The first shots were fired the day before the election, with a Politico piece in which Republican sources leaked all over the place about how they were planning to use the midterms as validation of the establishment.
With growing confidence as Election Day approaches, Republican leaders are preparing to argue that broad GOP gains in the House and Senate would represent a top-to-bottom validation of their party’s mainline wing. Having taken a newly heavy-handed approach to the primary season this year, the top strategists of the Republican coalition say capturing the majority would set a powerful precedent for similar actions in the future—not just in Senate and congressional races, but in the presidential primary season as well.
Let's grant that Politico is spinning this like all get out, because the mainstream media always has an interest in stoking intramural conflict within the right.
As it turns out, it's going to be hard for one group to claim credit over another. This is a wave so broad that it takes everyone with it. It carries decrepit and uninspiring establishment types like Kansas Senator Pat Roberts—the one who said he goes back to his home state "whenever I have an opponent," confirming that his true place of residence is inside the Beltway—along with disruptive insurgents.
From where I'm sitting here in Central Virginia, the disruptive insurgents are looking pretty good. There is no purer Tea Party candidate in the country this year than our very own Dave Brat, a libertarian college professor who took on Mr. Republican Establishment, Eric Cantor, and defeated him in the primary for Virginia's 7th congressional district. Brat cruised to victory tonight with more than 60% of the vote, and thanks to Cantor's decision to leave office early and cash in on Wall Street, Brat can start his new job on Wednesday morning if he likes.
By contrast, Republican Senate candidate Ed Gillespie has to be considered a safe establishment candidate: a former congressional aide, Bush administration official, Republican National Committee chairman, and an expensive Beltway lobbyist. It has become an unfortunate aspect of Virginia politics—an artifact of the growth of the imperial capital and its Northern Virginia satrapies—that we are now being treated as a political extension of Washington, DC. So lifetime DC politicians think they can run for statewide office in Virginia without having to go through Richmond politics first.

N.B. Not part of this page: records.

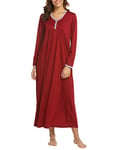 Ekouaer Chemise De Nuit Femme Manches Longues Chemise De Nuit Longue Hiver Chemise De Nuit Col en V Chemise De Nuit Chemise De Nuit Robe De Maison Grandes Tailles,Rouge,XL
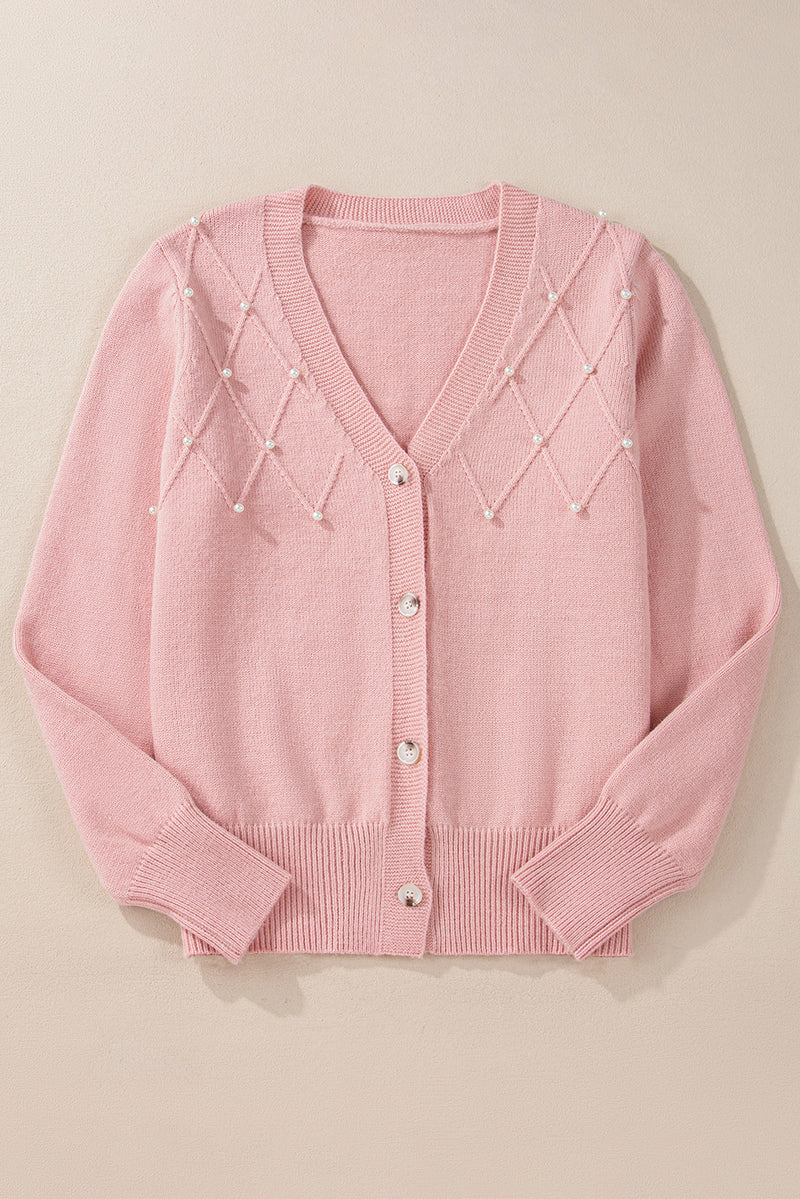 KaleaBoutique Stylish Textured Knit Pearl Beaded Button Up Cardigan - KaleaBoutique.com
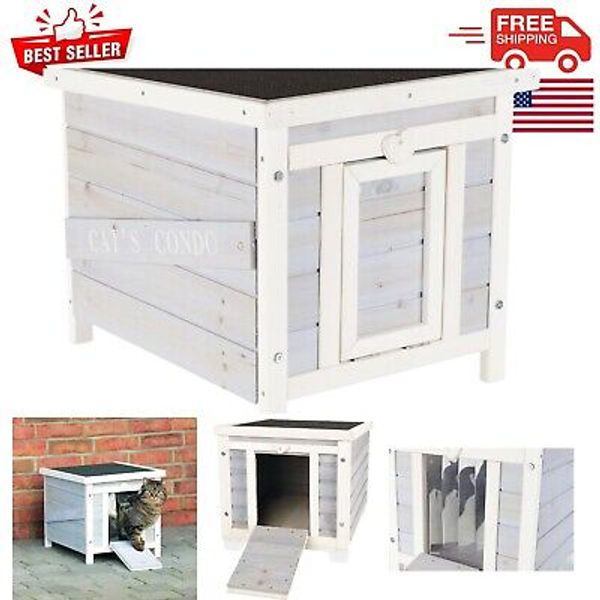 Stylish Weather-Resistant Cat Condo - Elevated Outdoor Shelter for Small Pets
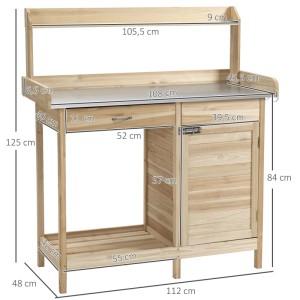 Heller Outsunny Pflanztisch aus Naturholz mit Metallplatte, Schublade, Schrank und offenen Ablagen.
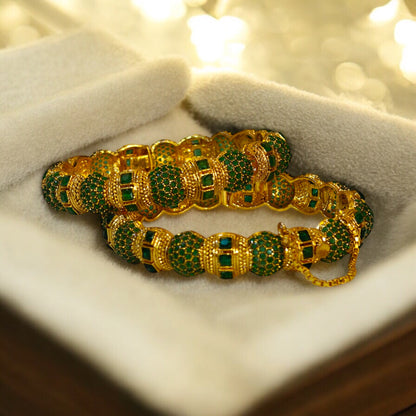 Royal Gold-Plated Bangles with Emerald Green Stones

Gillespie has done surprisingly well, and the race remains uncalled late into the night. But if the argument here is supposed to be about the superior performance of the establishment, this is not the best example.
Look elsewhere, and you can see governors who have taken controversial stands against public employees unions—Scott Walker in Wisconsin, Rick Snyder in Michigan—who were handily re-elected.
The wave of this year's election is clearly a backlash against an unpopular president, and it is so broad it's going to lift all kinds of boats. For crying out loud, a Republican won the governor's race in Illinois. For all Republican factions, this is the time for a little modesty about how much of this is due to the brilliance of the professional consultant class and how much is due to larger forces way beyond their control.
And they would be wiser to address their attention to the question of how not to throw away the political advantages they have gained—a problem the Republican establishment has historically had a lot more trouble with. If the establishment can show us how they can solve that problem, then they'll have something to boast about.